#### [TASK TO CARRY OUT]
An exact copy of the listing is required, with its pictures removed.

#### [GIVEN INFORMATION]
# # # # #

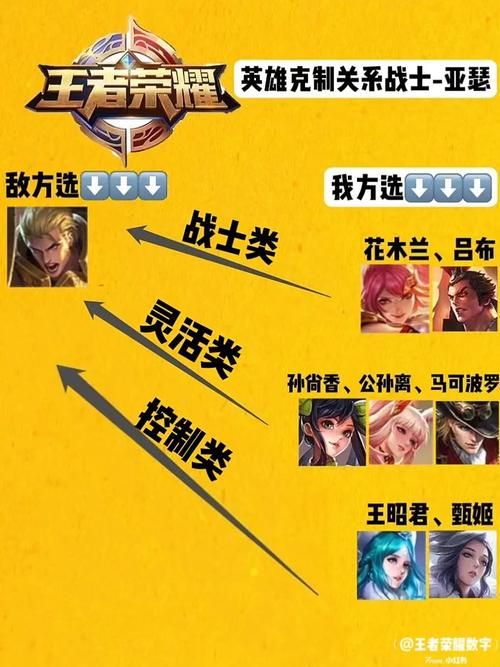 王者榮耀射手怕亞瑟嗎，王者榮耀射手怕亞瑟嗎怎么出裝？-第4張圖片-猴鯊游戲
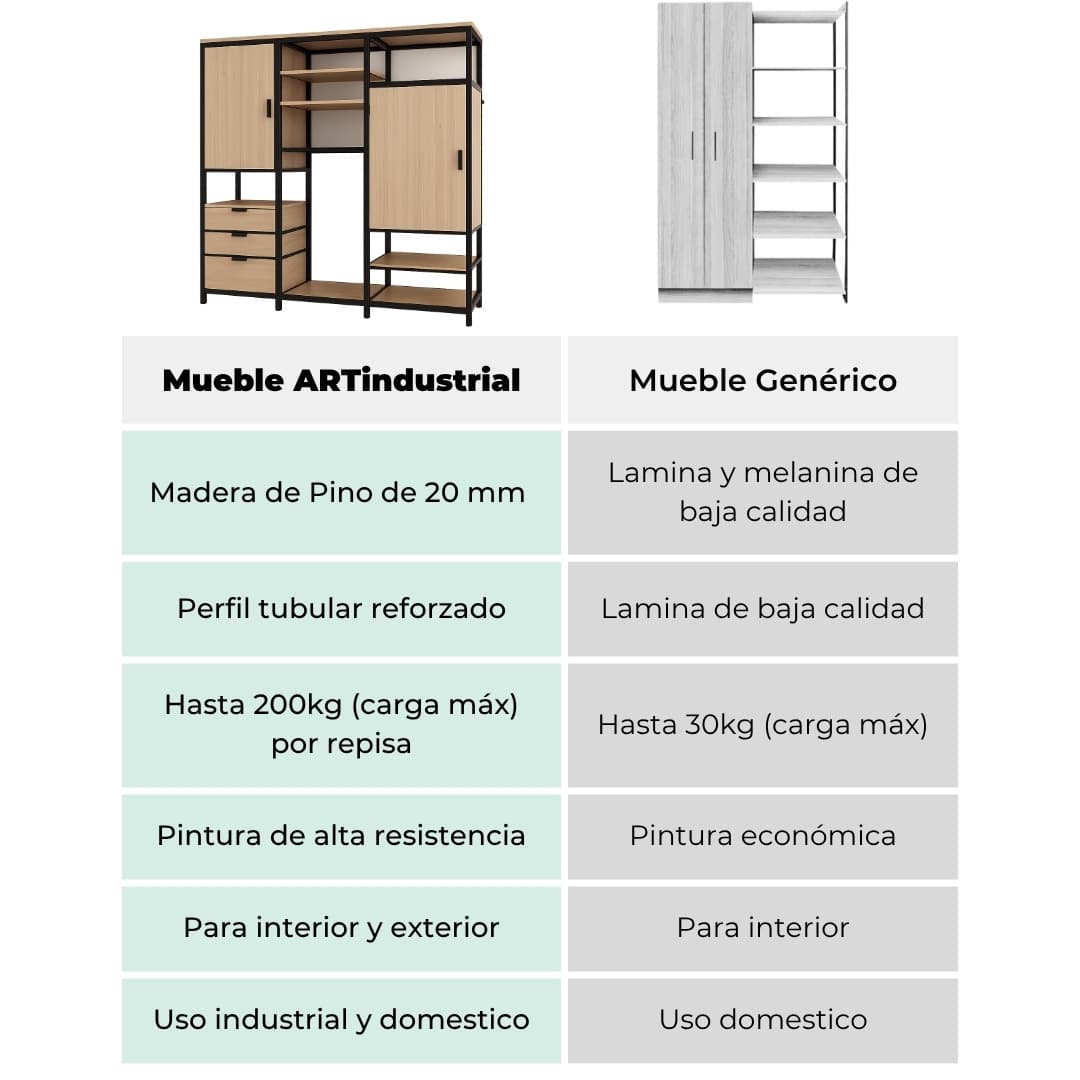 Closet New York Estilo Industrial 3 Closet New York Estilo Industrial - Imagen 3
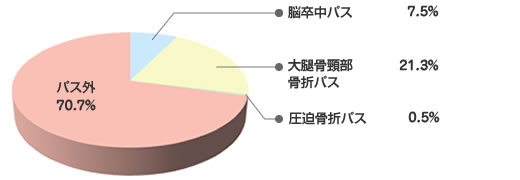 地域連携パスの割合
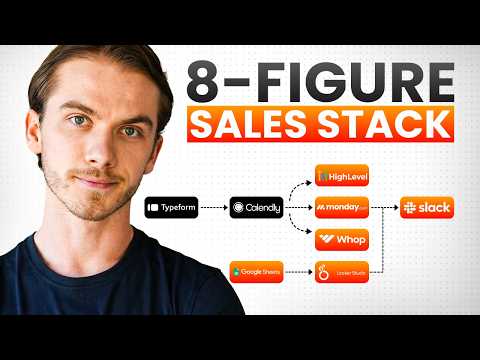The Software Stack We Used To Close 8-Figures In High-Ticket Info Sales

# # # # #

#### [WRITTEN SOLUTION]
 王者榮耀射手怕亞瑟嗎，王者榮耀射手怕亞瑟嗎怎么出裝？-第4張圖片-猴鯊游戲
 Closet New York Estilo Industrial 3 Closet New York Estilo Industrial - Imagen 3
 地域連携パスの割合
The Software Stack We Used To Close 8-Figures In High-Ticket Info Sales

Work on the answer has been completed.